Three Things I Love About General Conference
By Roger Ross
General Conference gets a bad rap. The litany goes like this: it’s long (with travel time it takes two weeks or more), it’s exhausting (delegates feel like they are in “meeting jail” from early in the morning ’til late at night, with little time to rest), it’s draining (many of the issues GC confronts are so emotionally charged, the debates are punctuated with personal stories of hurt and crowds of protesters who are not shy about their displeasure with certain church stances), and it’s expensive (one estimate was $1,500 a minute, although that figure likely does not include many hidden costs to delegates and observers). Sounds like the party everyone wants to crash, right?

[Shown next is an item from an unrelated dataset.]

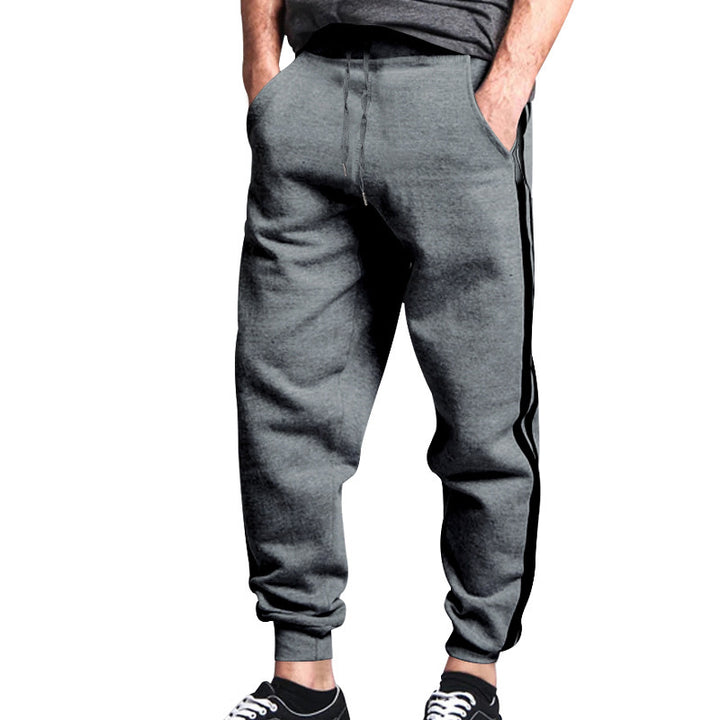 Herren Relaxed-Fit Jogginghose mit seitlichem Kontraststreifen, Elastikbund & Kordelzug – Sorevano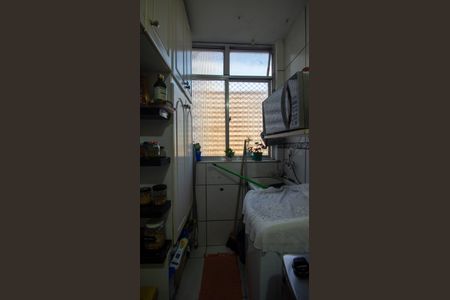 Apartamento à venda com 58m², 2 quartos e 1 vaga Apartamento à venda com 58m², 2 quartos e 1 vagaCozinha e Área de Serviço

Although there’s some truth to these claims, they’re not the full story. Here are three things I love about General Conference
1. It’s a family reunion.
By God’s grace and the privilege given me by the Illinois Great Rivers Conference, this is not my first GC. Over successive times, I have had the chance to make friends and renew old friendships with people from a broad cross section of our church. In the first couple of days here, I connected with friends from Texas, Colorado, Oklahoma, Florida, Idaho, Maryland, Ohio, Kansas, and Liberia, to name a few. I know no other place where this happens. The support of our global family lifts my soul.
2. We’re not in Kansas anymore.
In the first five minutes at General Conference, you get a sense that you’re part of something big. Although the conference is held in America, the 864 delegates come from 45 nations. To enable everyone to participate, all the sessions are simultaneously translated into seven languages. This year 31% of delegates are from Africa, joined by another 10% from the Philippines and Europe. Only 58% are from the U.S. Those percentages are constantly changing. As the United Methodist Church outside the U.S. continues to grow, especially the African church, the UM Church in the U.S. is shrinking. Some predict by 2020 the church outside the U.S. will be the largest part of our denomination for the first time in history. As a sign of that change, the General Conference is scheduled to meet in the Philippines in 2024. For those of us who spend a lot of time focused on the needs of our local church, GC opens our eyes to an immensely diverse community that shares Christ on a global scale.
3. God is at work.
With this many Methodists together, sooner or later you’re going to hear some stories. When 14-year old Hannah spoke on Friday morning, her story gripped the entire body. When she was 9, she saw first hand the consequences of unclean water in a small village in Africa. Girls her age had to walk 7 miles, one way, each day to get water for their families to drink?—?water so dirty, it looked like chocolate milk. The water they carried home often make family members sick. Sometimes it caused the children to die. She went to bed that night and prayed to God that what she saw was not true. Unfortunately, it was, but she realized she could do something about it. She came back to the U.S. and started doing as many odd jobs as possible to earn money. Her goal was to provide a new well that could give the whole village clean water. Over a year later, she was able to do that. It brought her great joy to know those families would no longer suffer because they lacked such a basic need. But she also realized there were so many other children just like her who still needed clean water. That’s when she began speaking to church groups, service organizations, and anyone who would listen about the dire need for clean water. Hannah has now raised enough money to build over 20 wells, and she’s just hitting her stride. She told us that she has discovered God’s purpose for her life, to serve others in desperate need. Hannah ended by saying, “If a little girl like me can do this, what could God do through your life?”
Those are some things I love about General Conference. They are the very things I love about the Church.